• [Task item]: For this exercise, an exact copy is needed of only the lines from the one containing "Used 2023 Toyota" through the end of the data, with pictures left out.

[Data segment]

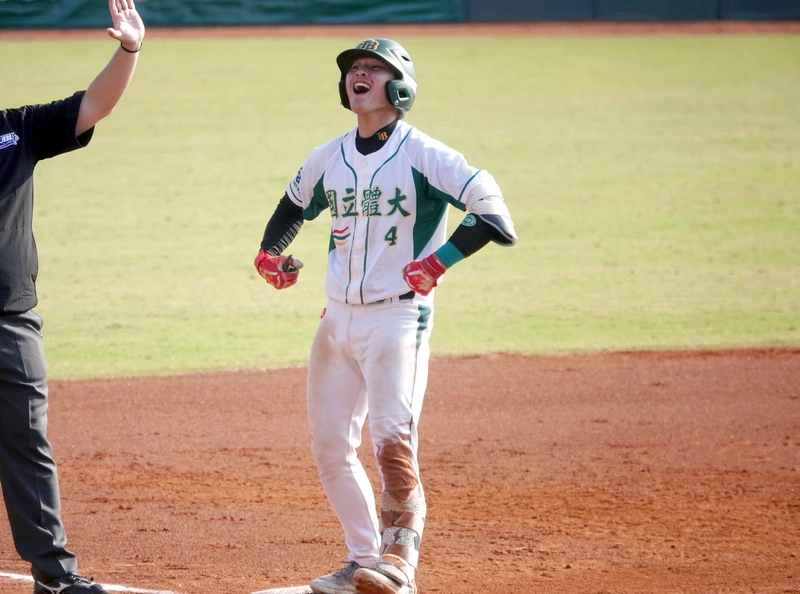 大專棒球聯賽周柏恩關鍵三壘打　國體勝東大
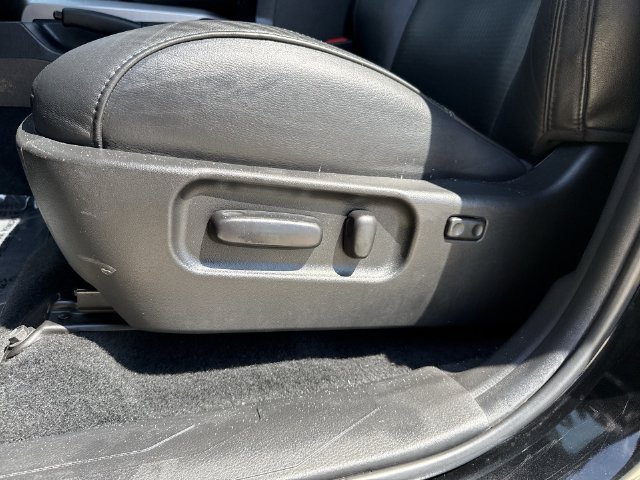Used 2023 Toyota Tacoma Limited w/ Nightshade Package AWD/4WD image 18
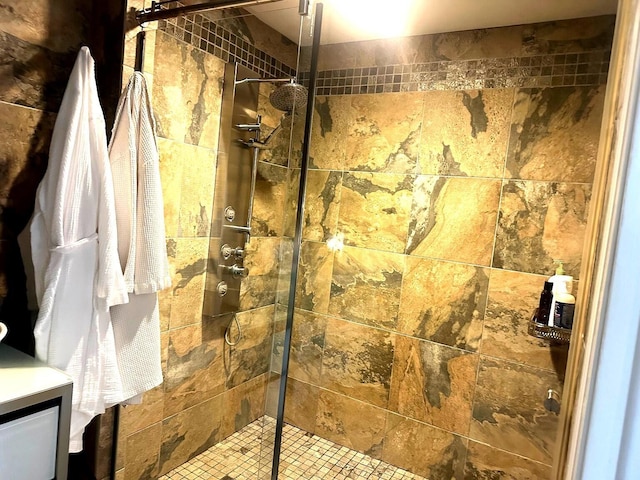 498 Oregon Ln, Boca Raton, FL 33487 - full bathroom with tiled shower and vanity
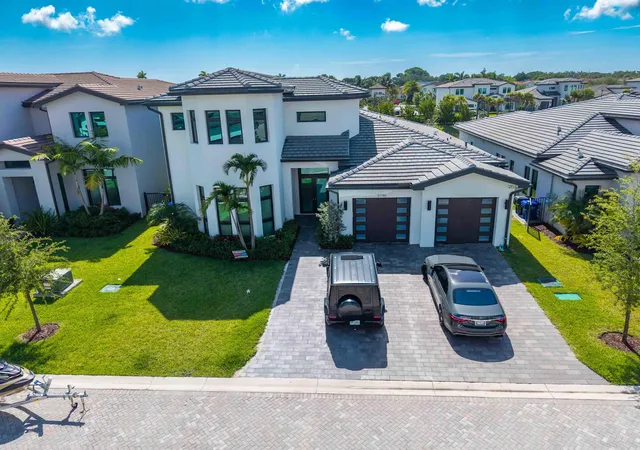 Photo 1 of Single family home for sale at 5746 Ashwood Cir W, Fort Lauderdale, FL 33312 | MLS# B26044869 | Listing updated on 2026-10-02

[/Data segment]

• [Response to the task]:
Used 2023 Toyota Tacoma Limited w/ Nightshade Package AWD/4WD image 18
 498 Oregon Ln, Boca Raton, FL 33487 - full bathroom with tiled shower and vanity
 Photo 1 of Single family home for sale at 5746 Ashwood Cir W, Fort Lauderdale, FL 33312 | MLS# B26044869 | Listing updated on 2026-10-02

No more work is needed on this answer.